Open chassis view showing the drive motors, battery pack, and controller integration within the structural frame.

Performance

  • 15.3 bits/second information throughput via the Natural Decoder interface — significantly exceeding switch-based and discrete command systems
  • ≤200 ms end-to-end latency from gaze acquisition to motor command execution
  • ±1° angular gaze estimation accuracy (approximately ±5 cm at 2 m operating distance)
  • Floor detection range of 0.5–4.0 m, validated on surfaces inclined up to ±55° from the camera axis
  • Maximum indoor speed of ≤3 km/h with fail-safe automatic stop on signal loss or calibration drift
  • Dwell-time activation threshold of 200 ms (configurable 100–500 ms) to suppress accidental command triggering

Regulatory Pathway

The device was classified as EU MDR Class IIa under EU 2017/745: an active device delivering mechanical energy to the user, with potential for harm if energy is incorrectly directed (unintended movement, excessive speed, delayed halting).

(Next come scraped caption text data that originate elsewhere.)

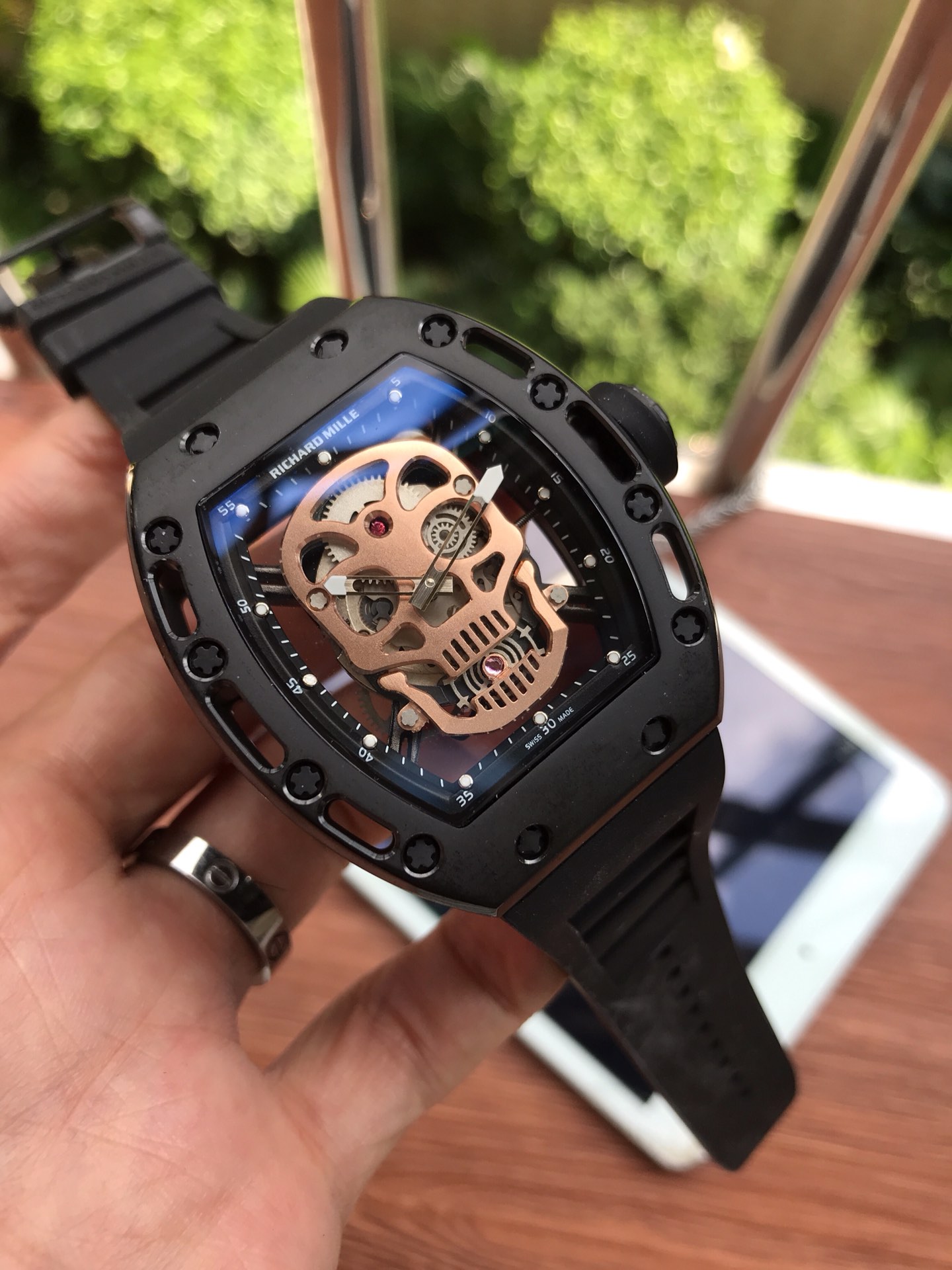 NO:765009,Richard Mille【RICHARD MILLE】Special Edition RM052 Skeleton Skull Watch．  The outline of the skull is prominent, the shape is domineering and unruly, and it has a shocking charm. It is paired with imported vacuum tape and a lightweight strap, which is more stylish and avant-garde. Isn’t it very eye-catching in the colorful summer? RM052 Special Edition The highest version Richard Mille series Professionally crafted with careful replicas The latest version of the top-level focus on one-to-one replicas Fully hollow skull watch with barrel-shaped hollow dial, killing all versions on the market.~!  Real show-~!  !  !  Please look for the exclusive quality of Luxury Street,19860909理查德米勒【RICHARD MILLE】特别版 RM052 镂空骷髅头腕表．骷髅头轮廓突出,造型霸气不羁,具有震撼人心的魅力.搭配着进口真空胶带 轻便表带,更拉风,更前卫.缤纷盛夏,是不是很吸睛? RM052 特别版 最高版本 理查德·米勒系列 专业打造用心玩复刻 顶级专注一比一复刻最新版本 全镂空骷髅头腕表 酒桶型镂空表盘 秒杀市面一切版本.~！ 真实展现-~！！！请认准奢华街独家品质,,Watch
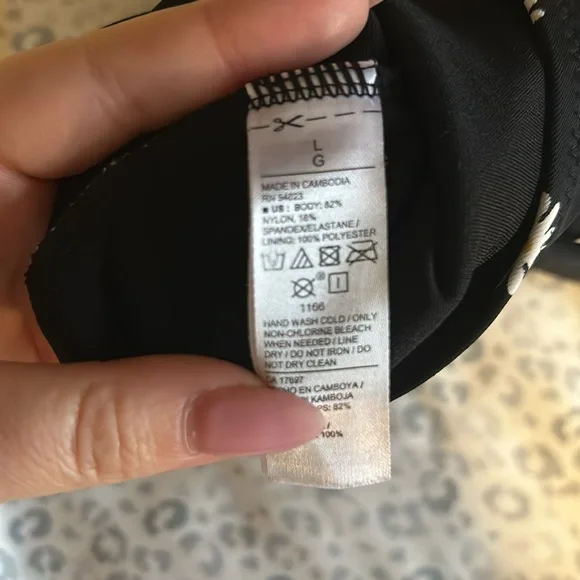 Black Daisy Printed One Piece Swimsuit - Large - Picture 3 of 3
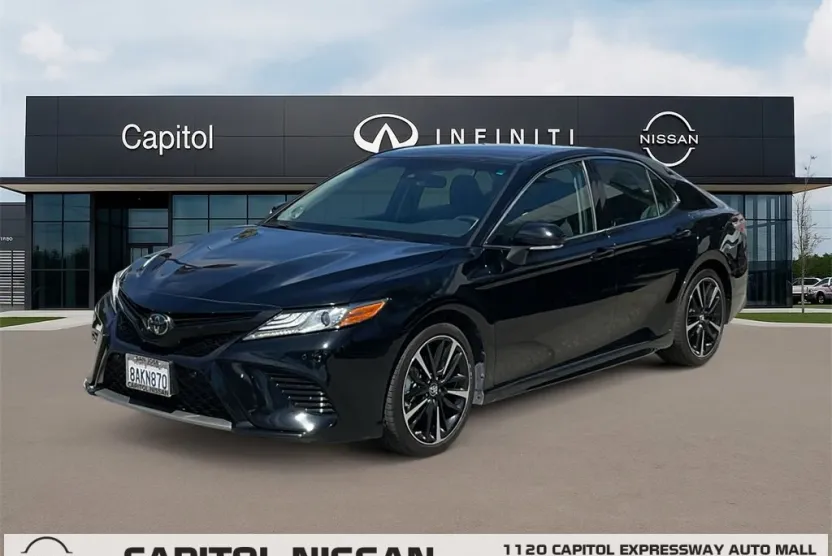 2018 Toyota Camry XSE photo 1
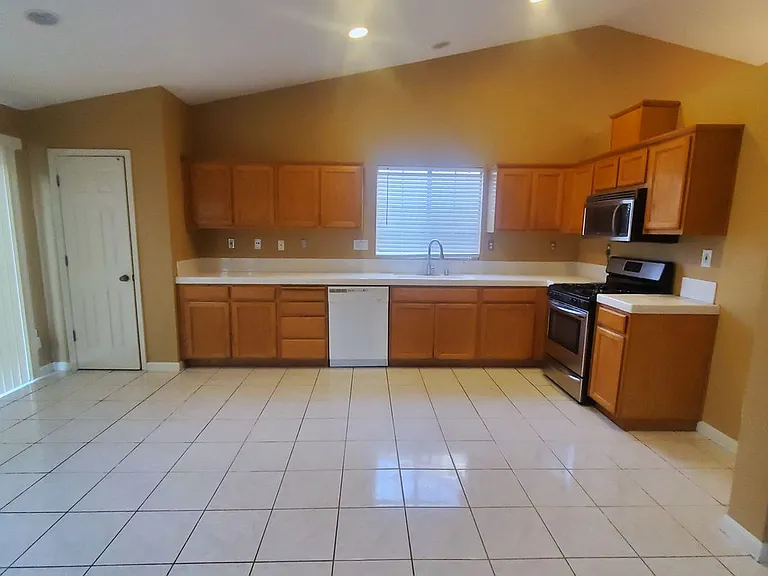 103 Bosk Ave — Photo 9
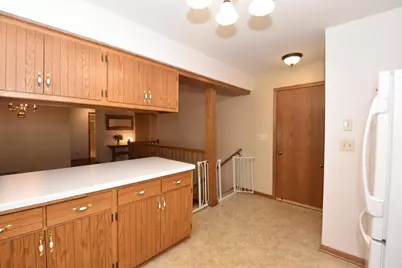 1040  Lansdowne Ct, Brookfield, WI 53045 - Photo 17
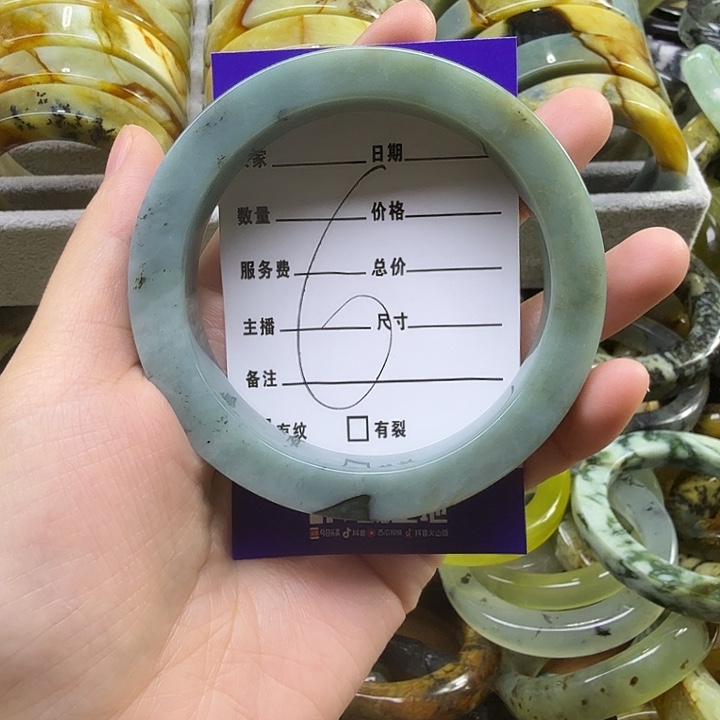 勿***我蛇纹石玉未镶嵌岫玉蛇纹石手镯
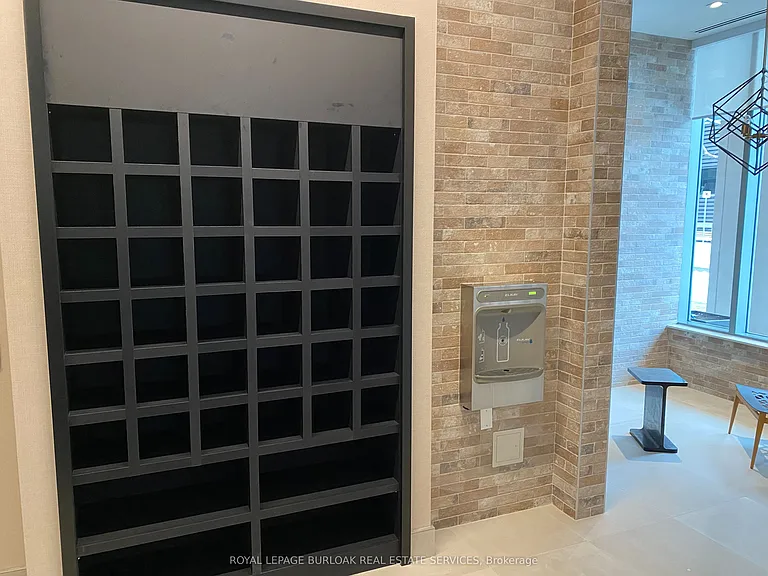 212 King William St E #423 — Photo 29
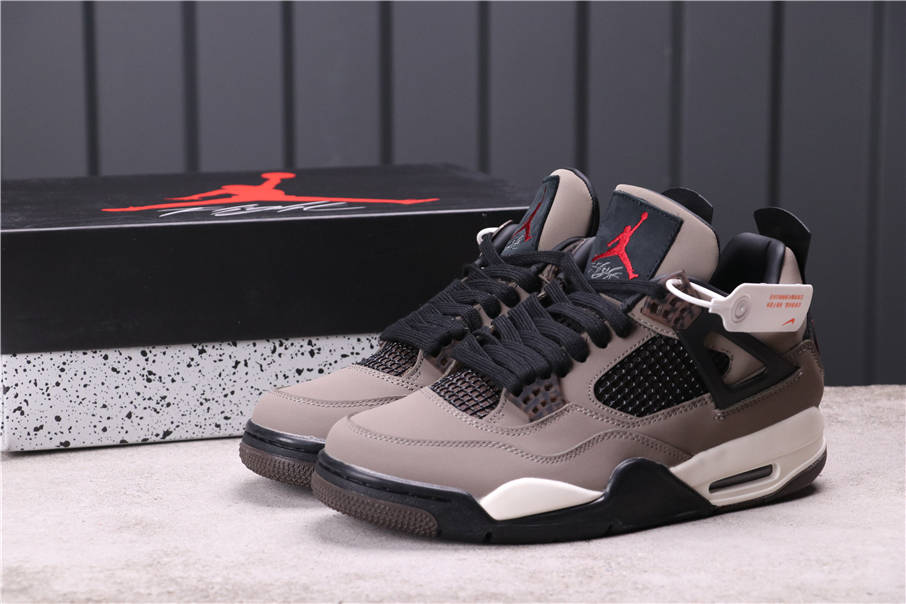 Air Jordan 4 Rasta [882335]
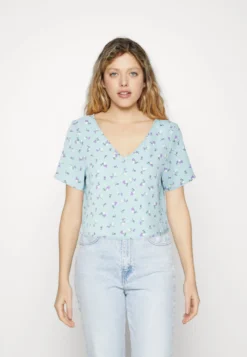 Noisy May Nmclara V Neck- Blouse - Cerulean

The technical documentation addressed:

  • ISO 7176-15 — wheelchair information disclosure and documentation requirements
  • ISO 20417 — medical device labelling and legibility
  • ISO 15223-1 — standardised medical device symbols
  • Regulation (EU) 2021/2226 — electronic format requirements for IFU

Risk management identified key hazards (unintended gaze-driven movement, calibration drift, visual fatigue) and documented control measures including gaze confidence filtering, floor-contingent logic, calibration integrity monitoring, and mandatory healthcare professional assessment before independent use. A structured PMCF plan was produced to support ongoing post-market surveillance.